1968 Texas Senate election

15 out of 31 seats in the Texas Senate 16 seats needed for a majority
|  | Majority party | Minority party |
| Party | Democratic | Republican |
| Last election | 30 | 1 |
| Seats before | 29 | 2 |
| Seats won | 13 | 2 |
| Seats after | 29 | 2 |
| Seat change | Steady | Steady |
| Popular vote | 857,379 | 312,743 |
| Percentage | 73.27% | 26.73% |
| Swing | −10.13% | +11.06% |
- Senate results by district Democratic hold Republican hold No election
| President pro tempore before election Democratic | Elected President pro tempore Democratic |

= 1968 Texas Senate election =

The 1968 Texas Senate election was held on November 5, 1968, to determine which party would control the Texas Senate for the following two years in the 61st Texas Legislature. 15 of the 31 seats in the Texas Senate were up for election to four-year terms. Democrats maintained their majority in the Senate, but Republicans gained one seat compared to the 1966 elections, winning a total of two.

== Background ==
Democrats had controlled the Texas Senate since the 1872 elections. The chamber's membership had undergone a massive overhaul after the 1966 elections due to redistricting. This greatly shifted political power away from rural areas, which had held disproportionate power due to malapportionment, towards the state's growing urban and suburban areas. As a consequence, the chamber saw the election of its first African American member of the 20th century and its first Republican since 1924.

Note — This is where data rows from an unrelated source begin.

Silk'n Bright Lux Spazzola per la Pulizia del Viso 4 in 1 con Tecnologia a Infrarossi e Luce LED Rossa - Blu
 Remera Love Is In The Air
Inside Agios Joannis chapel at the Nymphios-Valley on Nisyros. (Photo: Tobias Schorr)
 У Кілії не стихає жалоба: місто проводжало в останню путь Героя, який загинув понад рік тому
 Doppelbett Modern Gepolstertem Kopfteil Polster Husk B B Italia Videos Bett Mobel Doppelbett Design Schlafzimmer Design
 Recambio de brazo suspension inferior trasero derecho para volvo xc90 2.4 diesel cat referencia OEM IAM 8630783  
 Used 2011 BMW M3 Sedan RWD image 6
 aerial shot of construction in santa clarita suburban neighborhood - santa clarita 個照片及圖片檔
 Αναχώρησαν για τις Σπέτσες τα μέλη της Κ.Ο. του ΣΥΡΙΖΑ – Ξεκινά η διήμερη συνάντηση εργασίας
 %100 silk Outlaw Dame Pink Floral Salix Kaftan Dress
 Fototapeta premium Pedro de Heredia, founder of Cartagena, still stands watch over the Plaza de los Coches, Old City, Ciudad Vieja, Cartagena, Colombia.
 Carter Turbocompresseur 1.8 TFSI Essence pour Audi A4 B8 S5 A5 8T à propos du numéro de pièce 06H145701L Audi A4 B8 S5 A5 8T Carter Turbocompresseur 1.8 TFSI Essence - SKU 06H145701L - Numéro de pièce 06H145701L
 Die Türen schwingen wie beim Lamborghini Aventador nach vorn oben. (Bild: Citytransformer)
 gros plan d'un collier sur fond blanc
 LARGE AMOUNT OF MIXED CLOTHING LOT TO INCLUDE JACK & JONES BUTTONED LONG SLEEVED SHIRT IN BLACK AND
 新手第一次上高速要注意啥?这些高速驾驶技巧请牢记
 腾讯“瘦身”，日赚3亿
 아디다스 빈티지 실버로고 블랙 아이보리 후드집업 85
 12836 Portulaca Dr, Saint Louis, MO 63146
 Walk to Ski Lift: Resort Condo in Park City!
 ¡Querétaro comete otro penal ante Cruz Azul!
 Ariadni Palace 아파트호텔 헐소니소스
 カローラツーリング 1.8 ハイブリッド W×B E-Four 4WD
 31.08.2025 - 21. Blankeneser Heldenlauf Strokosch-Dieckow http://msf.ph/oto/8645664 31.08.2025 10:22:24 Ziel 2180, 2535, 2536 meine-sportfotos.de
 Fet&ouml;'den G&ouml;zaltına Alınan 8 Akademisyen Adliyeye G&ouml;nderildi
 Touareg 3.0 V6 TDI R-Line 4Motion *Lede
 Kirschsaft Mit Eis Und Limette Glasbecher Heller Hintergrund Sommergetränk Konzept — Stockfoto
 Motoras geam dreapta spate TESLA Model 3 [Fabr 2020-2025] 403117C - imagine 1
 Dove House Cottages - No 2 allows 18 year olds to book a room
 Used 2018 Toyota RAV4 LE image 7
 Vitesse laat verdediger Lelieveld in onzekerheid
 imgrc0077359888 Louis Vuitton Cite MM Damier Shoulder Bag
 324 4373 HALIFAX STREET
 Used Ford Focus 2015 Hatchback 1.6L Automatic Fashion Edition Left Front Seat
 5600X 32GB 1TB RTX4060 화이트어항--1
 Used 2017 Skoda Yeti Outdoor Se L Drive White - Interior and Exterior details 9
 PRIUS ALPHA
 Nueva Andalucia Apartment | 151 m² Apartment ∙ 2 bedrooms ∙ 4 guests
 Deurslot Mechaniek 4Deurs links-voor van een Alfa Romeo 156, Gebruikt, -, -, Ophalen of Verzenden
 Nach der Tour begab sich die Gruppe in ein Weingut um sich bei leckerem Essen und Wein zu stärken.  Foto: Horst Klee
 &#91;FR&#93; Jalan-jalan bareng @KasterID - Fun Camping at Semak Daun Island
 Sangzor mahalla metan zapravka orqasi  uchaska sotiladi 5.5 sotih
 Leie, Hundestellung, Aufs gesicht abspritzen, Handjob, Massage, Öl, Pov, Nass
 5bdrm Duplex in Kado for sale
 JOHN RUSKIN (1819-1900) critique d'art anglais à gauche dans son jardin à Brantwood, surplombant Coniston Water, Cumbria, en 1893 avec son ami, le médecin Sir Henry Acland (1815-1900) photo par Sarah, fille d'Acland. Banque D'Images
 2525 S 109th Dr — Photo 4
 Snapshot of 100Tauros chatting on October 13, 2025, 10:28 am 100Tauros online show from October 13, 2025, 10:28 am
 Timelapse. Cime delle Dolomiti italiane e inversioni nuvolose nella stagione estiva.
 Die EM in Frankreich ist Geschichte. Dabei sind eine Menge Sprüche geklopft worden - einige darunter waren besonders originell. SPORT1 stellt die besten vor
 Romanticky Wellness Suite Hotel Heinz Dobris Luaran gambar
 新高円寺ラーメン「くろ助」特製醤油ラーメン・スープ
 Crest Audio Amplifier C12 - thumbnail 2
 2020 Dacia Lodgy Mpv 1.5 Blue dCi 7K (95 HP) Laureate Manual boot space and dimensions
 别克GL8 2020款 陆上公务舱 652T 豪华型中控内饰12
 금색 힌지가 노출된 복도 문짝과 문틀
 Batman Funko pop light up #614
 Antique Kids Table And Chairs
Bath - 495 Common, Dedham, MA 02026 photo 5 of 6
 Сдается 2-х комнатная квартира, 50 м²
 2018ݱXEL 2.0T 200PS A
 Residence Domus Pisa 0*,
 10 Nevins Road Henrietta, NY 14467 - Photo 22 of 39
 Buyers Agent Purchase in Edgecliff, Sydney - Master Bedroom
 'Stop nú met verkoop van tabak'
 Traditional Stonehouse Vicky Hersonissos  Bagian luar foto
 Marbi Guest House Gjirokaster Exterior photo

=== District 8 special election ===
George Parkhouse, the Democrat who had represented Dallas County in the Senate since 1951, died in August 1967. Republican Ike Harris, whom Parkhouse had narrowly defeated in 1966, easily won the special election held on November 11 to succeed him, flipping the seat and becoming the chamber's second Republican member.

District 8 special election
| Candidate |  | Votes | % |
|---|---|---|---|
| Ike Harris |  | 15,105 | 70.82% |
| Bill Harris |  | 3,718 | 17.43% |
| Horace Houston |  | 1,114 | 5.22% |
| Minor candidates |  | 1,391 | 6.52% |
| Total votes |  | 21,328 | 100.00% |

== Results ==
Democrats maintained near-complete control of the chamber, but Republicans continued their gradual growth in the state, holding both of their seats in the chamber.